What are declarations and declarators and how are their types interpreted by the standard?

Joseph Mansfield picture Joseph Mansfield · Dec 10, 2012 · Viewed 7k times · Source

How exactly does the standard define that, for example, float (*(*(&e)[10])())[5] declares a variable of type "reference to array of 10 pointer to function of () returning pointer to array of 5 float"?

Inspired by discussion with @DanNissenbaum

Answer

Joseph Mansfield picture Joseph Mansfield · Dec 10, 2012

I refer to the C++11 standard in this post

Declarations

Declarations of the type we're concerned with are known as simple-declarations in the grammar of C++, which are of one of the following two forms (§7/1):

decl-specifier-seqopt init-declarator-listopt ;
attribute-specifier-seq decl-specifier-seqopt init-declarator-list ;

The attribute-specifier-seq is a sequence of attributes ([[something]]) and/or alignment specifiers (alignas(something)). Since these don't affect the type of the declaration, we can ignore them and the second of the above two forms.

Declaration specifiers

So the first part of our declaration, the decl-specifier-seq, is made up of declaration specifiers. These include some things that we can ignore, such as storage specifiers (static, extern, etc.), function specifiers (inline, etc.), the friend specifier, and so on. However, the one declaration specifier of interest to us is the type specifier, which may include simple type keywords (char, int, unsigned, etc.), names of user-defined types, cv-qualifiers (const or volatile), and others that we don't care about.

Example: So a simple example of a decl-specifier-seq which is just a sequence of type specifiers is const int. Another one could be unsigned int volatile.

You may think "Oh, so something like const volatile int int float const is also a decl-specifier-seq?" You'd be right that it fits the rules of the grammar, but the semantic rules disallow such a decl-specifier-seq. Only one type specifier is allowed, in fact, except for certain combinations (such as unsigned with int or const with anything except itself) and at least one non-cv-qualifier is required (§7.1.6/2-3).

Quick Quiz (you might need to reference the standard)

  1. Is const int const a valid declaration specifier sequence or not? If not, is it disallowed by the syntactic or semantic rules?

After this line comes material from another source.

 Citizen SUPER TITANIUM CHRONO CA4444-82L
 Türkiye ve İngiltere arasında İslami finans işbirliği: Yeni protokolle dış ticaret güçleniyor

    Invalid by semantic rules! const cannot be combined with itself.

  2. Is unsigned const int a valid declaration specifier sequence or not? If not, is it disallowed by the syntactic or semantic rules?

    Valid! It doesn't matter that the const separates the unsigned from int.

  3. Is auto const a valid declaration specifier sequence or not? If not, is it disallowed by the syntactic or semantic rules?

    Valid! auto is a declaration specifier but changed category in C++11. Before it was a storage specifier (like static), but now it is a type specifier.

  4. Is int * const a valid declaration specifier sequence or not? If not, is it disallowed by the syntactic or semantic rules?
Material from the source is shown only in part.